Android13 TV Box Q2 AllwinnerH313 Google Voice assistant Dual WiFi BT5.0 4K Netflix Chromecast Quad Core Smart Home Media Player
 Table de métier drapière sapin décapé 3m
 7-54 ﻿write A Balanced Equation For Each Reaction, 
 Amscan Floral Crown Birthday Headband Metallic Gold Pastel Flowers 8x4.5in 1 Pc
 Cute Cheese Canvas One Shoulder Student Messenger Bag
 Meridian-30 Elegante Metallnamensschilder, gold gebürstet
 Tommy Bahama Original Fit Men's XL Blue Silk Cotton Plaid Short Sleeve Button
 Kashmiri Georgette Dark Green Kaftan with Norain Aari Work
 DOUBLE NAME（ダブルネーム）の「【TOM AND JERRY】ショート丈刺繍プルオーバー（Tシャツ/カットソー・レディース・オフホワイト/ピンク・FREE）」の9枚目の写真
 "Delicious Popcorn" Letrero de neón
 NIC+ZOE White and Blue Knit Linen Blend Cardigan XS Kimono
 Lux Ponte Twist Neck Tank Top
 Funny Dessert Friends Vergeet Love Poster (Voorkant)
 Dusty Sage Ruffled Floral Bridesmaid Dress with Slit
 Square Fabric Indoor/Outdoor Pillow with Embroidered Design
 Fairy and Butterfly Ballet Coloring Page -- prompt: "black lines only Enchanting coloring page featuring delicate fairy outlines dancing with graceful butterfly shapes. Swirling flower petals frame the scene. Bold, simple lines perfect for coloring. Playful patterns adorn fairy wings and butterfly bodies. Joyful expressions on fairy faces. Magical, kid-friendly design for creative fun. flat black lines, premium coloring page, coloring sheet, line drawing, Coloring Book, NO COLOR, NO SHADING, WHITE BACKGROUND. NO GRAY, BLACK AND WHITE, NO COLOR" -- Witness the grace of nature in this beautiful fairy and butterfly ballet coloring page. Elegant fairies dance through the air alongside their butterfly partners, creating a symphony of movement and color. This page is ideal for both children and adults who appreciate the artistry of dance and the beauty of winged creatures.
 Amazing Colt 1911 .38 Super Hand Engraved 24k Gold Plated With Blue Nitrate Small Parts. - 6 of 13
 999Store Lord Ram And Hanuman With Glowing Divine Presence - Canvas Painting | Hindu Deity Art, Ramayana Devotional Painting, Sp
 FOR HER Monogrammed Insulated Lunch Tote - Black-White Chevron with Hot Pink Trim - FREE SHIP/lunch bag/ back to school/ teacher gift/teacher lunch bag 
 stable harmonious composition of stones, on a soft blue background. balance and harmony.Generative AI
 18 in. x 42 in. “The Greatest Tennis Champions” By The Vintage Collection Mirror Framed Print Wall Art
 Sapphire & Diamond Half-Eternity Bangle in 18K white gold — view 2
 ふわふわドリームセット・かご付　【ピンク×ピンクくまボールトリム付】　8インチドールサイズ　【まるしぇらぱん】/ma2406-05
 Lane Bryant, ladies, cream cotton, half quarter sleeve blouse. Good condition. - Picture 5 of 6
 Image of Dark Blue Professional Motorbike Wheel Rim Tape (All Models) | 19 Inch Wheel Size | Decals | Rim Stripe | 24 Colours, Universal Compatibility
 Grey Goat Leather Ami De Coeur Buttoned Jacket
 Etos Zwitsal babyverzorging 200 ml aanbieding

▶ _Try it_: From the entries above, write out only the lines starting at the line that holds "Tommy Bahama Original" and ending at the line that holds "Square Fabric Indoor/Outdoor", keeping both and matching them exactly.

▶ _Exercise answer_:
 Tommy Bahama Original Fit Men's XL Blue Silk Cotton Plaid Short Sleeve Button
 Kashmiri Georgette Dark Green Kaftan with Norain Aari Work
 DOUBLE NAME（ダブルネーム）の「【TOM AND JERRY】ショート丈刺繍プルオーバー（Tシャツ/カットソー・レディース・オフホワイト/ピンク・FREE）」の9枚目の写真
 "Delicious Popcorn" Letrero de neón
 NIC+ZOE White and Blue Knit Linen Blend Cardigan XS Kimono
 Lux Ponte Twist Neck Tank Top
 Funny Dessert Friends Vergeet Love Poster (Voorkant)
 Dusty Sage Ruffled Floral Bridesmaid Dress with Slit
 Square Fabric Indoor/Outdoor Pillow with Embroidered Design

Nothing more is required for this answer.